That was the message delivered by dozens of firms at the
International Consumer Electronics Show, where terms like
"appification" were tossed around freely.
The hundreds of thousands of "apps" developed for
mobile platforms such as Apple's iOS, Google's Android and Microsoft's Windows
Phone and showcased at the Las Vegas tech gathering are quickly taking a lot of
functions that people or different devices used to do.
Nowhere was this more evident in the "connected
home" zone of the world's biggest technology show.
'Android oven'
Samsung, the South Korean tech giant, showed a connected
refrigerator which can stream music from a smartphone, while US appliance maker
Dacor unveiled what it called the "first Android oven", with a panel
to check e-mails and the web.
US appliance maker Whirlpool showed its line-up of smart
appliances which can send a user a text message when the laundry is done.

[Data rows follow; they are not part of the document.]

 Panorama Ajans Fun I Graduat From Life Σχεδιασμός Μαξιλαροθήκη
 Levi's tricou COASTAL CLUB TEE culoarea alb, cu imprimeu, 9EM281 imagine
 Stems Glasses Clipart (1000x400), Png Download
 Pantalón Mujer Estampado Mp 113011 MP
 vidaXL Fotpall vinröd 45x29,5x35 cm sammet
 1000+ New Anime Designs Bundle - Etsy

Whirlpool's refrigerator can also stream music through an app, enabling a host
to set a playlist for each course of a dinner party, for example.
"You don't need to be friends on Facebook with your
fridge, but it makes its use easier," quipped Warwick Stirling,
Whirlpool's senior director of energy and sustainability.

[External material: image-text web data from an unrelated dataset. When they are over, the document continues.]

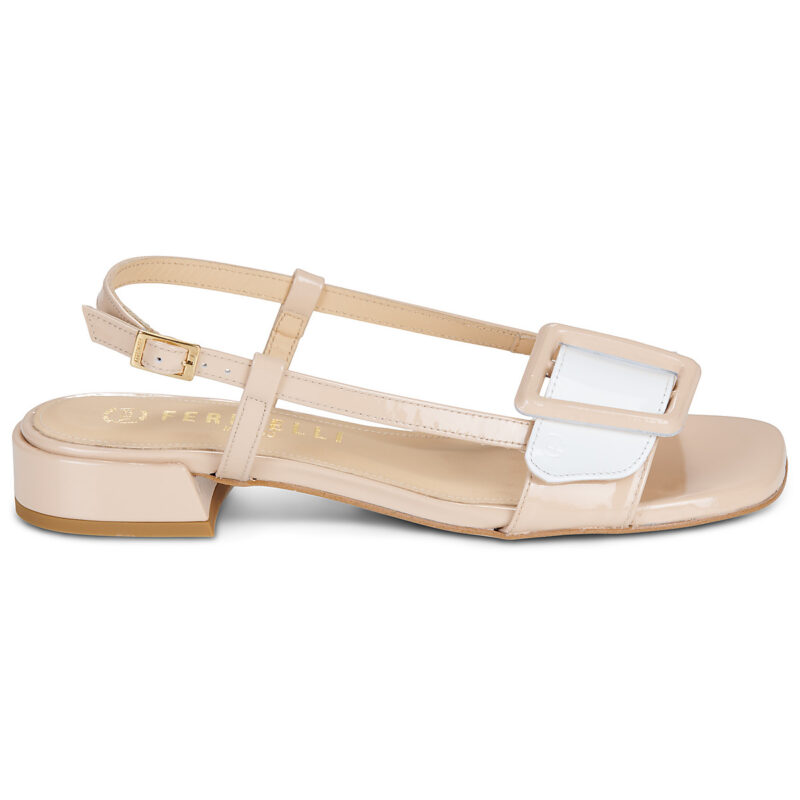 Fericelli Sandales plates beiges PANILA pour femmes - 2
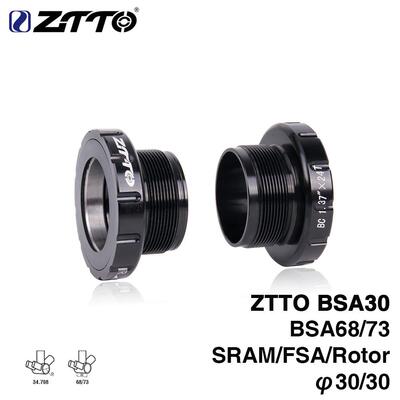 ZTTO BSA30 陶瓷中轴 螺纹五通 68/35MM转BB30/PF30/386牙盘中轴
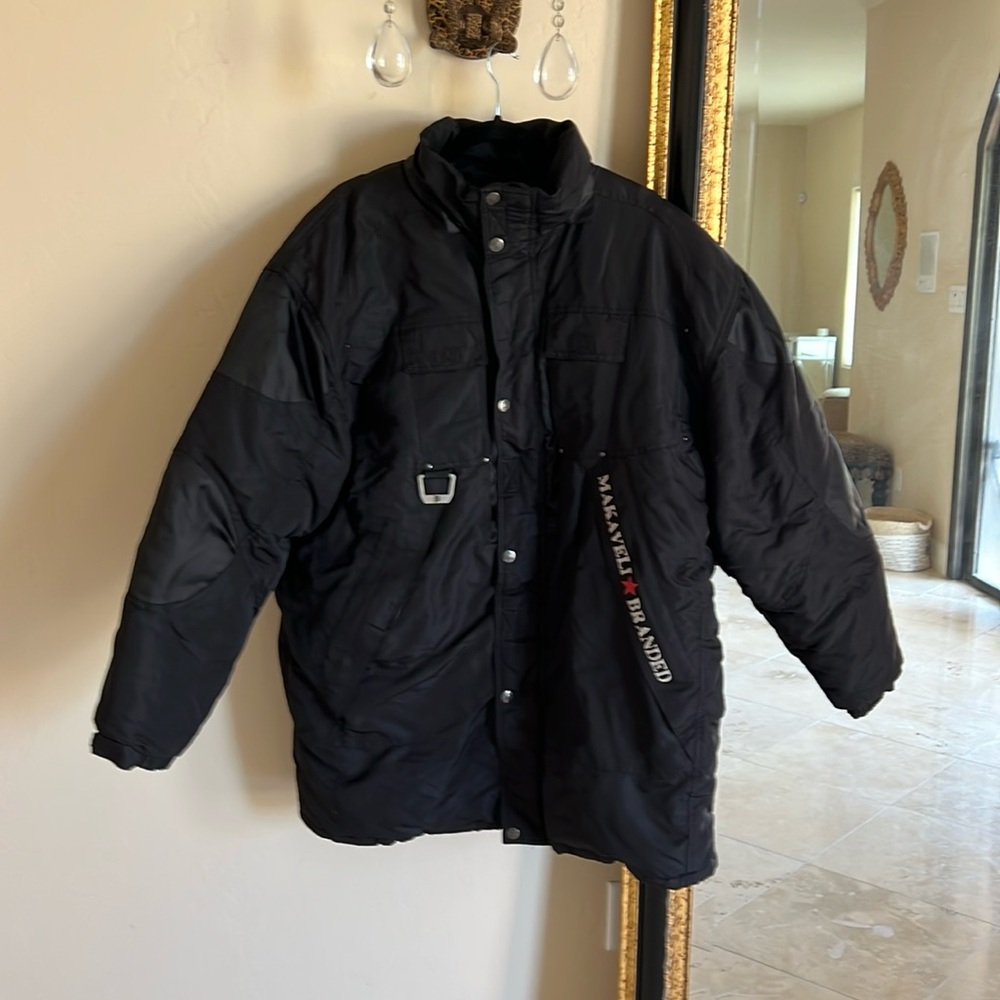 MAKAVELI Branded Down Coat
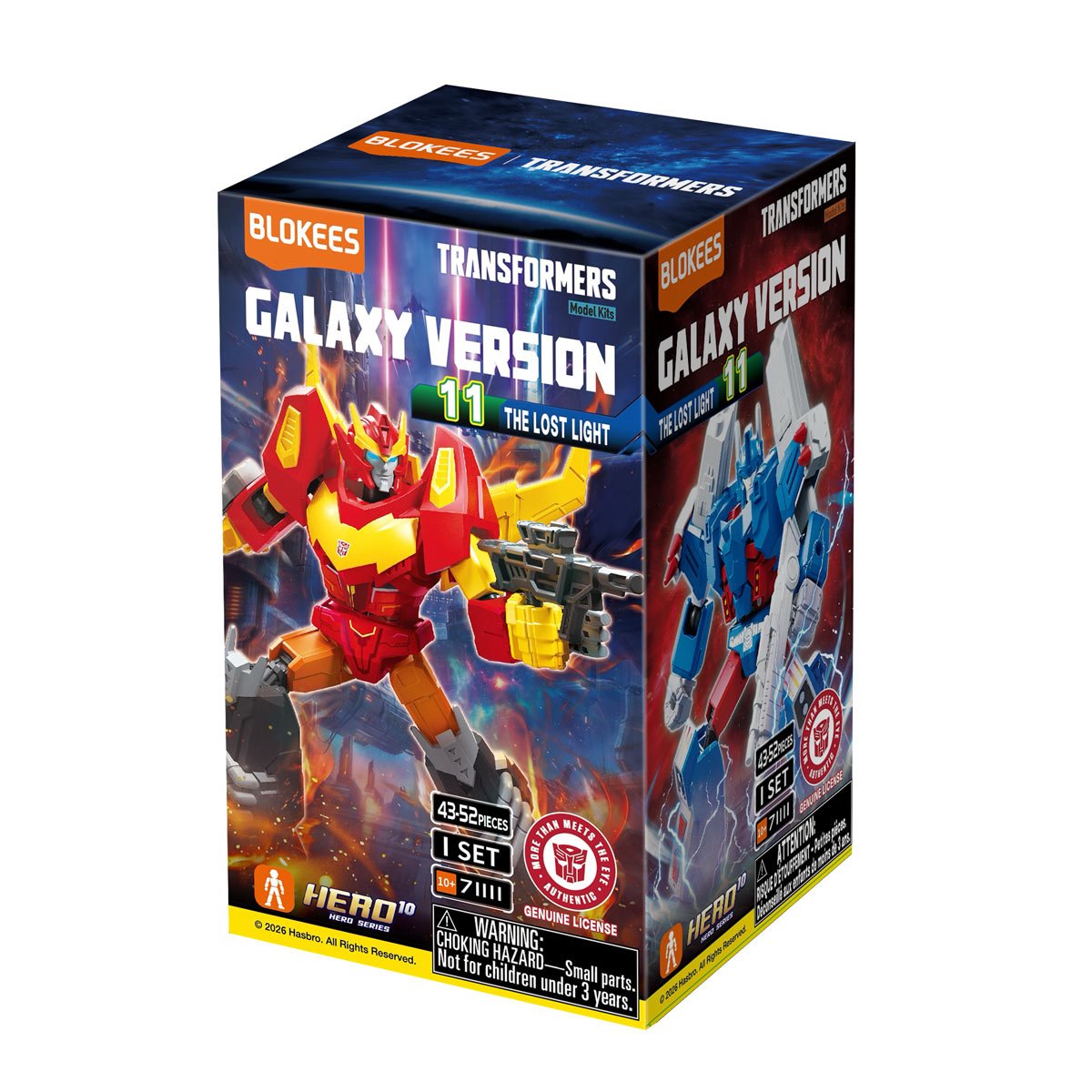 Transformers Galaxy Version 11 - The Lost Light Blokees Figures Display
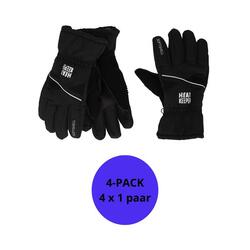 Heatkeeper - Gants de ski (PRO) femmes - Noir - 4 paires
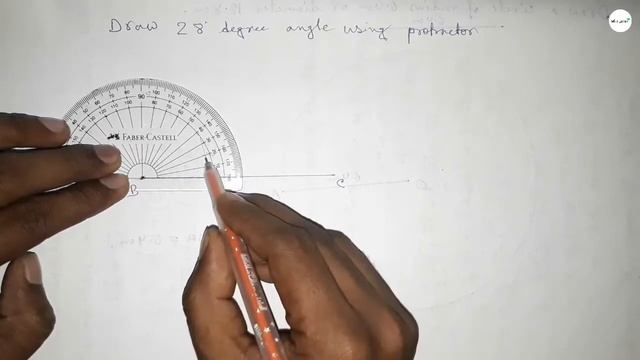 How to draw 28 degree angle using protractor. shsirclasses. смотреть онлайн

South Korea's LG offered an integrated solution: one
smartphone app which can remotely turn on a robotic vacuum or washing machine,
or monitor something cooking in the oven.
An LG refrigerator, equipped with a touchscreen panel, can
deliver a shopping list to your smartphone wirelessly, provided that the
database is created in the appliance.
"You can control your life with a smartphone,"
said LG's Lisa Hutchenson.
Water plants
French-based firm Parrot and Korea's Moneual each showed off
an app to allow smartphone users to keep their home plants watered, using a
sensor which transmits information on temperature, light and humidity and
alerts people when the plants are thirsty.
The home thermostat, locks and lighting can be controlled
with an app developed by Ingersoll Rand.
"The phone can be your remote control for your
house," said Matt McGovren, marketing manager for the maker of home
equipment.
"Everything will be connected, even things not
generally associated with smartphones, like locks."
In the car, drivers can mimic their key fob functions to
control their car, track, locate and monitor their vehicles with an app from
Delphi Automotive, shown at CES.
And Ford and General Motors announced at CES that they will
be launching efforts to help app developers create programs which be used in
vehicles, some of which already can play streaming movies or music from mobile
devices.
"Up to now, radio was the only entertainment in the
car," said Thomas Sonnenrein, of the German equipment maker Bosch.
"Today we have a system shared with the Internet, the
smartphone and the car" which "creates a lot of value".
Health
The health segment is exploding with apps which can monitor
heart rate, blood sugar, distance travelled by runners and many other things
seen in the CES fitness tech zone.
The integration of the television and smartphone was a major
focus at CES, with numerous smart TVs sharing with mobile phones and tablets.
Not to mention the simple use of the device as a remote TV control.
Shawn DuBravac, chief economist at the Consumer Electronics
Association, told the CES opening session that 65% of time spend on smartphones
now is "non communication activities" such as apps for health, entertainment
or other activities.
"We have moved away not only from telephony but from
communications being the primary part of these devices," he said.
"So it is not just a communications device, it is a
hardware hub around which people build services... the smartphone is becoming
the viewfinder for your digital life."